Je chronique à nouveau un livre de Nastassja Martin ici. Deux raisons pour cette réitération : bien sûr le fait que ces deux livres comptent particulièrement pour moi, mais aussi le sentiment que cette seconde note de lecture est une sorte de continuation de la première, et l’occasion de mieux exprimer ce qui m’importe dans le traitement littéraire des relations entre humains et animaux ou plus généralement avec des entités que nous pouvons reconnaître comme des sortes de personnes.
Dans la première note, portant sur le livre issu de la thèse d’anthropologie de Nastassja Martin, j’écrivais ceci :
…j’ai lu tout le livre comme un texte littéraire, même les parties où elle décortique de la façon la plus méthodique possible ce qu’elle observe. Et ce ne fut pas en vain, car ils sont nombreux les passages où, au détour d’une phrase, elle montre ce qu’elle pourrait faire dans ce registre…

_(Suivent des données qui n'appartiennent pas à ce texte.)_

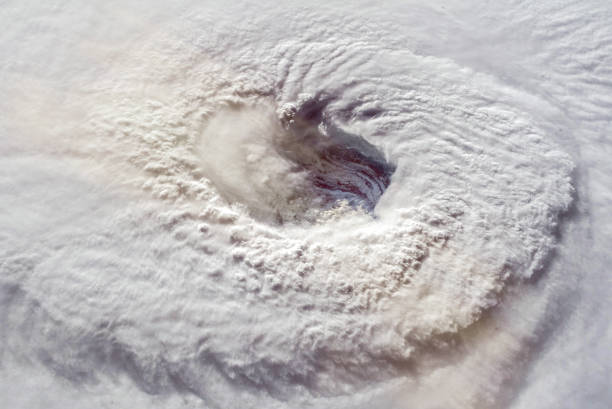 Hurricane Florence over the Atlantics close to the US coast . Gaping eye of a category 4 hurricane. Elements of this image furnished by NASA. Hurricane Florence over the Atlantics close to the US coast . Gaping eye of a category 4 hurricane. Elements of this image furnished by NASA. cyclone photos stock pictures, royalty-free photos & images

C’est dire le bonheur que j’ai eu à découvrir en Croire aux Fauves la preuve qu’elle avait suivi ce chemin que sans doute elle avait déjà l’intention de parcourir. Mais Croire aux fauves n’est pas un roman, c’est un récit, et le récit d’une rencontre violente avec une personne-ours, des séquelles de cette violence (l’ours n’en est pas sorti indemne non plus), de ce qu’elle a dû traverser pour renaître comme une autre personne et pourtant la même. Pourtant la même parce que dans les mots des Évènes du Kamtchatka, elle était déjà mathukha (ourse humaine) et qu’après la rencontre elle va devenir miedka (moitié-moitié femme et ourse). J’écris dans le train de retour des Pyrénées, terre d’adoption, où les rencontres entre ours, brebis et bergers se font sous le signe d’une autre violence. Ces derniers temps, certains ours sont saisis d’une fureur qui paraît folle, ils tuent les brebis en masse, directement ou en les poursuivant jusqu’à ce qu’elles sautent des barres rocheuses, ils défigurent les vaches en les griffant sauvagement. Ces ours ont subi eux-mêmes une violence que les commentateurs négligent, celle d’avoir été transplantés de Slovénie dans les Pyrénées. Les bergers espagnols disent que les Slovènes ont envoyé en France des ours violents, semblables au lion qui tue trop de vaches et qu’il faut chasser dans La chasse au lion à l’arc de Jean Rouch. Mais je pencherais plutôt pour le traumatisme de la transplantation, de la perte du territoire, d’ailleurs ils parcourent dans les Pyrénées des distances très inhabituelles et erratiques.